Quellen: EZB, eigene Berechnungen
Worauf es zu achten gilt: Konkrete Umsetzung und Reinvestitionen fälliger Anleihen
In den kommenden Monaten gilt es also vor allem zu beobachten, wie die EZB die angekündigte Reduzierung ihres Aufkaufvolumens konkret umsetzt, weil sich dies auf die betroffenen Marktsegmente unterschiedlich auswirken wird. So hat die EZB wie oben gezeigt seit Start ihrer Aufkaufprogramme demonstriert, dass sie in der Lage und gewillt ist, die angekündigten Kaufvolumina auch tatsächlich umzusetzen. Das heißt, dass die gesamten APP-Bestände in ihrer Bilanz ungefähr dem im folgenden Chart skizzierten Verlauf (rote gestrichelte Linie) folgen und Ende September 2018 ein Gesamtvolumen von ca. 2,6 Billionen Euro erreichen dürften – die Frage ist eben lediglich, durch welche Wertpapiere die große weiße Lücke im Chart konkret gefüllt wird.

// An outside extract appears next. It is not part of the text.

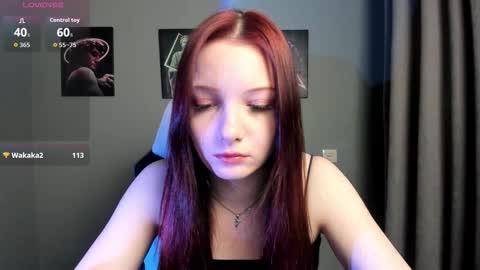 Snapshot of aurorakanie chatting on 03.18.26 aurorakanie online show from 03.18.26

Anmerkung: Die Bestände werden immer am Ende eines Quartals um Amortisierungen bereinigt. Das bedeutet, dass der Wert von unter ihrem Nominalwert gekauften Anleihen nach oben korrigiert werden, wenn sie näher an ihren Fälligkeitstermin kommen. Für über Nominalwert gekaufte Anleihen gilt entsprechend eine Abwärtskorrektur. *Erwarteter Verlauf auf Basis der EZB-Ankündigung, ab Januar 2018 im Rahmen des APP monatlich Wertpapiere im Wert von 30 Milliarden Euro erwerben zu wollen. Die Reinvestionsvolumina sind nicht dabei nicht berücksichtigt. Quellen: EZB, eigene Schätzungen
Es muss auch berücksichtigt werden, dass das APP noch lange über sein eigentliches Ende hinaus Wirkung entfalten wird. So hat die EZB bereits im Dezember 2015 angekündigt, die Einkünfte aus bis zur Fälligkeit gehaltenen Anleihen wieder zu reinvestieren und dieses Versprechen auf der Oktober-Ratssitzung noch einmal erneuert und präzisiert. Sollte also beispielsweise eine deutsche Staatsanleihe 2019 fällig und die EZB vom deutschen Staat ausbezahlt werden, wird sie – Stand heute – dieses Geld für den erneuten Erwerb einer (deutschen) Staatsanleihe nutzen. Ihre Bestände an Staatsanleihen werden sich somit nicht zwangsläufig verringern und ihre Präsenz auf den Märkten auch nicht sehr viel kleiner werden – sie schafft nur kein neues Geld, um Staatsanleihen zu erwerben.
QE-Käufe nach Ländern
Die EZB hat beim Start des PSPP (also des Staatsanleihen-Programms) angekündigt, dass sich das Kaufvolumen am Kapitalschlüssel der beteiligten Länder orientieren soll. Jedoch ist die EZB von diesem Ziel deutlich abgewichen: Sie hat mehr Staatsanleihen der großen Eurostaaten gekauft, als dies eigentlich nach dem Kapitalschlüssel angemessen gewesen wäre. So machen beispielsweise deutsche Staatsanleihen mittlerweile knapp 27% des aufgekauften Staatsanleihen-Portfolios aus, obwohl der deutsche Kapitalschlüssel nur bei knapp 18% liegt.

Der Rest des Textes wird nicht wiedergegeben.